>>

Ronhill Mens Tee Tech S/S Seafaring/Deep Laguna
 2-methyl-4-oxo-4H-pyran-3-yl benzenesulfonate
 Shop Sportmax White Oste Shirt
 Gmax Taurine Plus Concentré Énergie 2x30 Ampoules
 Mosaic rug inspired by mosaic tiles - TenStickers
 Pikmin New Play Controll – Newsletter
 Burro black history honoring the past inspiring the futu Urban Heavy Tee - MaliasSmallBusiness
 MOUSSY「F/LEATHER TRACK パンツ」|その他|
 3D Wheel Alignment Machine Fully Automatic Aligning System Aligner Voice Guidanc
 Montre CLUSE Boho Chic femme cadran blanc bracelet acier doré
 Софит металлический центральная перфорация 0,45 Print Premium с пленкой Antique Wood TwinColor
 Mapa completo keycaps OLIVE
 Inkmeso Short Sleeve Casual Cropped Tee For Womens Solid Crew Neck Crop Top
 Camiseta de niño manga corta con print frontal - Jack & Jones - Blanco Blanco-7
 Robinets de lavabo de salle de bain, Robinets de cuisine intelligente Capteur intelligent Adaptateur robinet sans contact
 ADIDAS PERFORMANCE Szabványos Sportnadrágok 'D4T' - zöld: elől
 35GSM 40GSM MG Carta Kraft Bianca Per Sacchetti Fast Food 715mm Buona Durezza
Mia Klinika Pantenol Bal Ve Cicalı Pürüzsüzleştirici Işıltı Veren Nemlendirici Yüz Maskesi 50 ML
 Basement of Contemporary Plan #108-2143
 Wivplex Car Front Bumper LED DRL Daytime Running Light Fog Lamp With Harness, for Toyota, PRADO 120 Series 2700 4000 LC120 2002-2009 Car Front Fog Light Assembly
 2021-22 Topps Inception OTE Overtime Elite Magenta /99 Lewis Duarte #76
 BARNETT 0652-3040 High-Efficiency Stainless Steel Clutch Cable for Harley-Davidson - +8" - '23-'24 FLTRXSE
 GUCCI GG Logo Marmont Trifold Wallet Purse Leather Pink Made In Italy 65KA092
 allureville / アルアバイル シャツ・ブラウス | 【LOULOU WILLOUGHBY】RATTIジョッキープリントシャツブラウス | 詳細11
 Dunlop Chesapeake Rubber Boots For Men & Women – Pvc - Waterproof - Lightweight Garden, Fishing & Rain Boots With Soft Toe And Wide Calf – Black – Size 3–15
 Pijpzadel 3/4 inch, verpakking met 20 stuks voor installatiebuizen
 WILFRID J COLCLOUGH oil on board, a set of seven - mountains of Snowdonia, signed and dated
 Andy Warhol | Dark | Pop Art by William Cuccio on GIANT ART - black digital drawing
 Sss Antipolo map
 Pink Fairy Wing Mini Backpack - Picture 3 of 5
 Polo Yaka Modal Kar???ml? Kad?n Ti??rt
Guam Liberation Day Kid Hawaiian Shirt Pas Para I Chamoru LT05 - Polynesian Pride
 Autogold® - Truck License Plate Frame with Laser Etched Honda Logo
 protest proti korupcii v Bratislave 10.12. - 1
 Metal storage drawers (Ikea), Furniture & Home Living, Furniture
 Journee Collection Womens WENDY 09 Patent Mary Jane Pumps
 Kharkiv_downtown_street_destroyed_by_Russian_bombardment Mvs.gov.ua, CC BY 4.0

<<

• **What this task involves**:
Lines to set down from above: the line with "Inkmeso Short Sleeve", the line with "Mia Klinika Pantenol", and every line between, each exactly as written.

• **Solved problem**:
 Inkmeso Short Sleeve Casual Cropped Tee For Womens Solid Crew Neck Crop Top
 Camiseta de niño manga corta con print frontal - Jack & Jones - Blanco Blanco-7
 Robinets de lavabo de salle de bain, Robinets de cuisine intelligente Capteur intelligent Adaptateur robinet sans contact
 ADIDAS PERFORMANCE Szabványos Sportnadrágok 'D4T' - zöld: elől
 35GSM 40GSM MG Carta Kraft Bianca Per Sacchetti Fast Food 715mm Buona Durezza
Mia Klinika Pantenol Bal Ve Cicalı Pürüzsüzleştirici Işıltı Veren Nemlendirici Yüz Maskesi 50 ML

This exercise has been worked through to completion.